Lily puxou ar para dentro dos pulmões. O-menino-que-sobreviveu, pensou. Esse não é um bom titulo para uma criança carregar nas costas – Significa que ele já esteve diante da morte e já escapou dela.

— E eu? O que houve comigo?

— Você é uma peculiaridade quase, senão maior, que o seu filho. Naquela noite duas pessoas sucumbiram. Todos acreditam que tenham sido James e a Senhorit... Perdão, velhos hábitos costumam demorar a fugir. Que os mortos naquela noite tenham sido você e seu marido. Mas você está aqui; viva — Pelo canto de seus admiráveis olhos verdes, Lily viu a mulher de aparência séria se mexer em desconforto. – Duas pessoas, de fato, morreram naquela noite: James Potter e outro alguém. Saberia me informar quem era este Alguém?

A resposta que surge, involuntariamente, dentro da mente de Lily a enche de dor. Claro que desconfiava daquilo, mas nunca havia chegado a ter a confirmação do fato – Não durante aquela guerra impiedosa.

— Harry iria deixar de ser o único herdeiro Potter, sabia disso? – Murmurou um consternado "desconfiava". – Oh! Lamento estar jogando tudo isso em cima de você, mas é algo extremamente importante e que não pode esperar. A criança que esperava, a parte mais vulnerável, recebeu a maldição em seu lugar. Isso a exauriu, causou uma incomensurável exaustão que seu corpo se auto-desligou com aquilo, uma forma de autopreservação que lhe passou a imagem de que estava morta.

Concentrou-se em pensar. Se escuridão em que estivera não era algo parecido com o pós morte, o que era? Mas ela sabia muito bem o que era aquela escuridão maciça. Dizer que o corpo de alguém se auto-desligou por um tempo significa que por um determinado período de tempo este alguém havia deixado de funcionar como um devido ser humano. Só respirava e nada além disso. Em termos médicos, pode-se dizer com precisão que a mulher havia passado um bom tempo em estado de coma. Mal conseguia piscar com a ideia de ter estado anos em coma.
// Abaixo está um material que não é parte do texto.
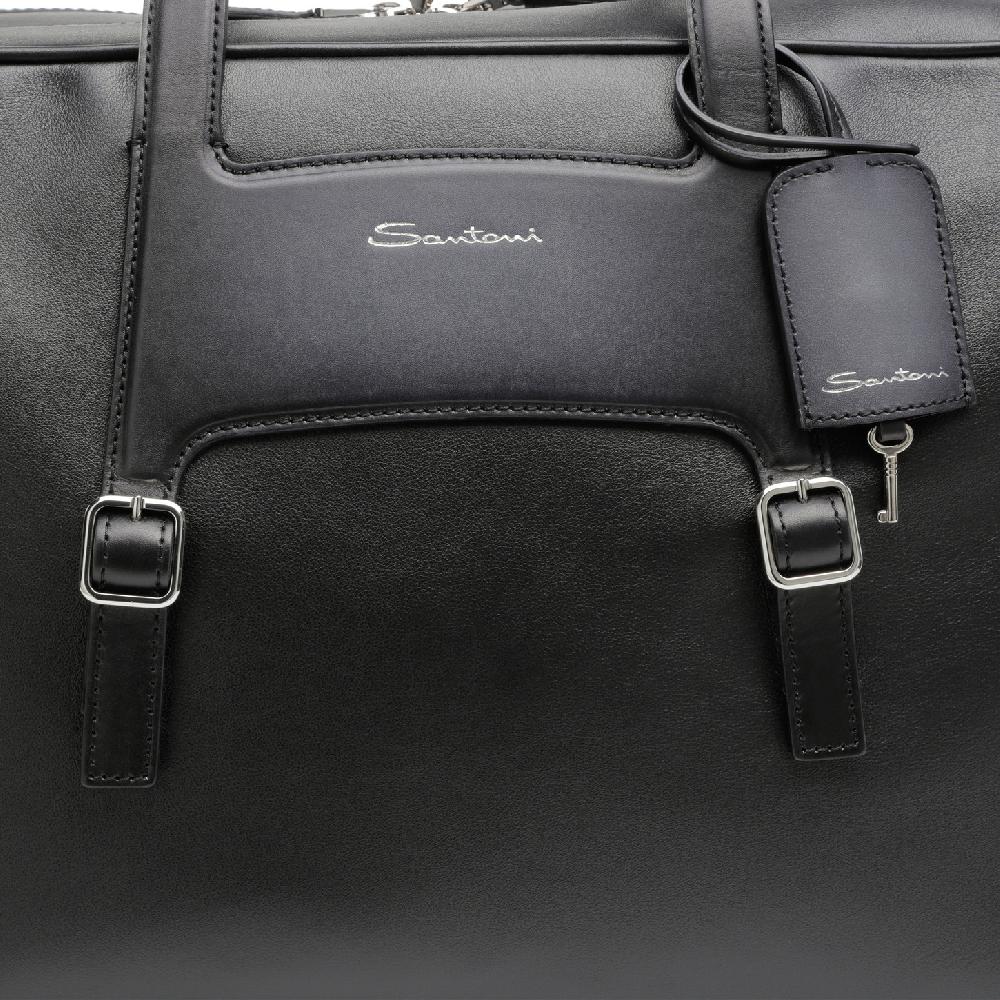 Santoni Borsa da viaggio in pelle nera Qualità Garantita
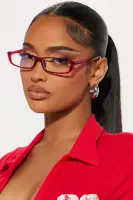 Square Frame Plastic Frame Blue Light Lens Imported Eyewear(Red,OS)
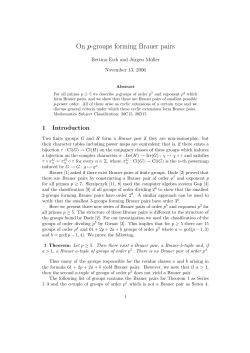 On p-groups forming Brauer pairs - Lehrstuhl D - RWTH
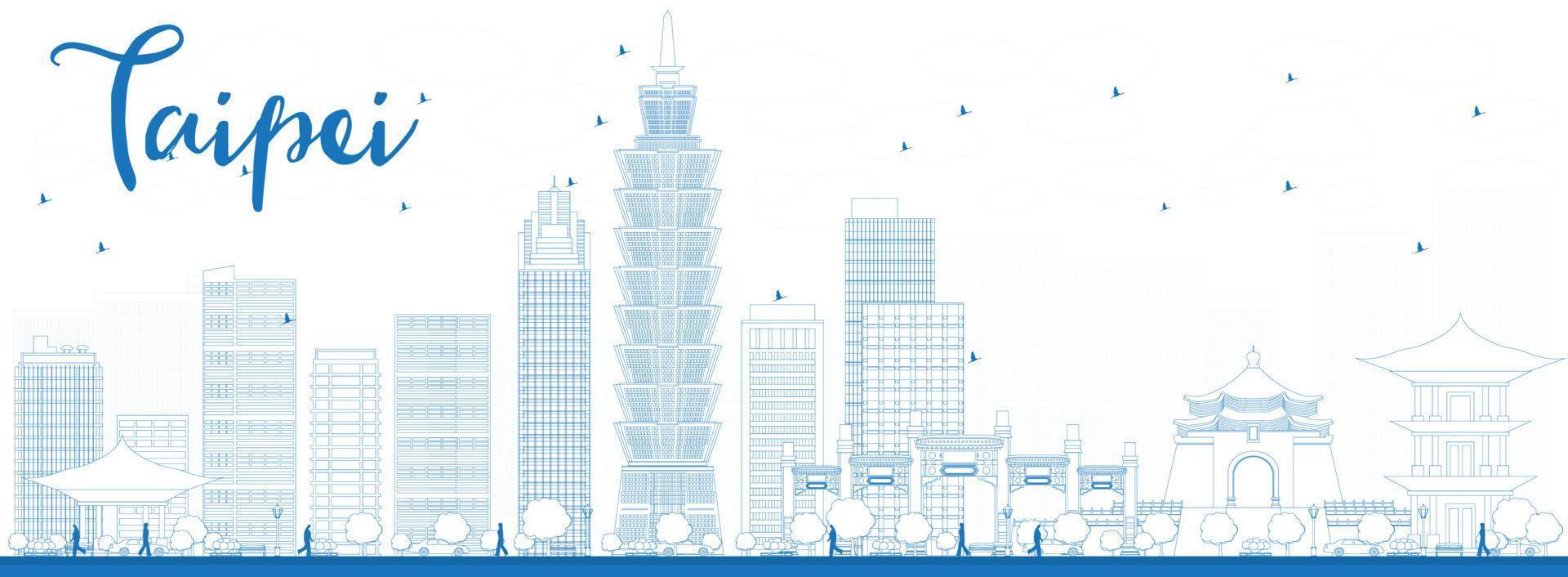Outline Taipei skyline with blue landmarks vector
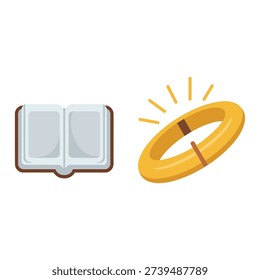 Bible study and marriage class icons, open scripture, radiant wedding ring, church education event flyer, faith formation session materials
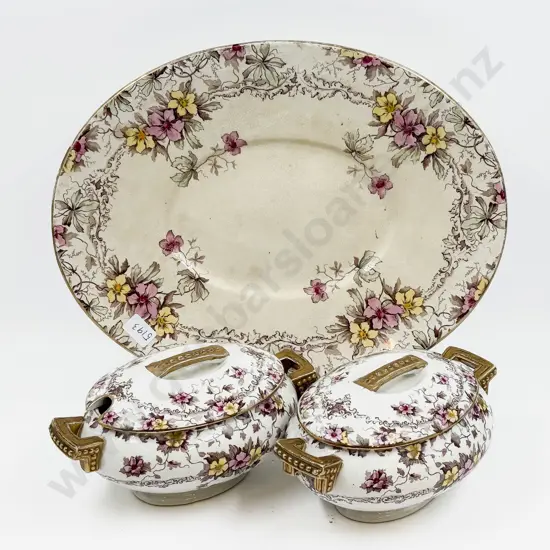 Conway Ashet together with Pair of Small Vegetable Tureens (Some Faults)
— Lilian... – A mulher de aparência severa que agora era reconhecida por Lilian como Minerva Mcgonagall é quem fala desta vez. – Sua respiração estava fraca naquela noite, quase inexistente. Foi o suficiente para mantê-la com vida, mas insuficiente para que o fato fosse anunciado. Aguardávamos uma reação sua durante anos.

Anos... Quem havia cuidado do pequeno Harry durante este tempo? Tranquilizou-se imediatamente quando se lembrou que o menino não havia ficado sozinho. Tinha o padrinho, Sirius Black, e ele provavelmente havia cuidado do afilhado a quem tanto adorava.

— Poderia especificar quantos anos?

A resposta a pegou desprevenida. Esperava que lhe dissessem dois ou até três, mas não o que veio a seguir. A resposta surgiu como uma facada dentro do coração de Lily.

— Doze anos, querida. Eu sinto muito...

Ela já não ouvia mais. E foi assim, através de uma simples resposta, que o mundo de Lily Evans Potter terminou de ruir. Perguntou-se se por mero acaso conseguiria erguer-se novamente.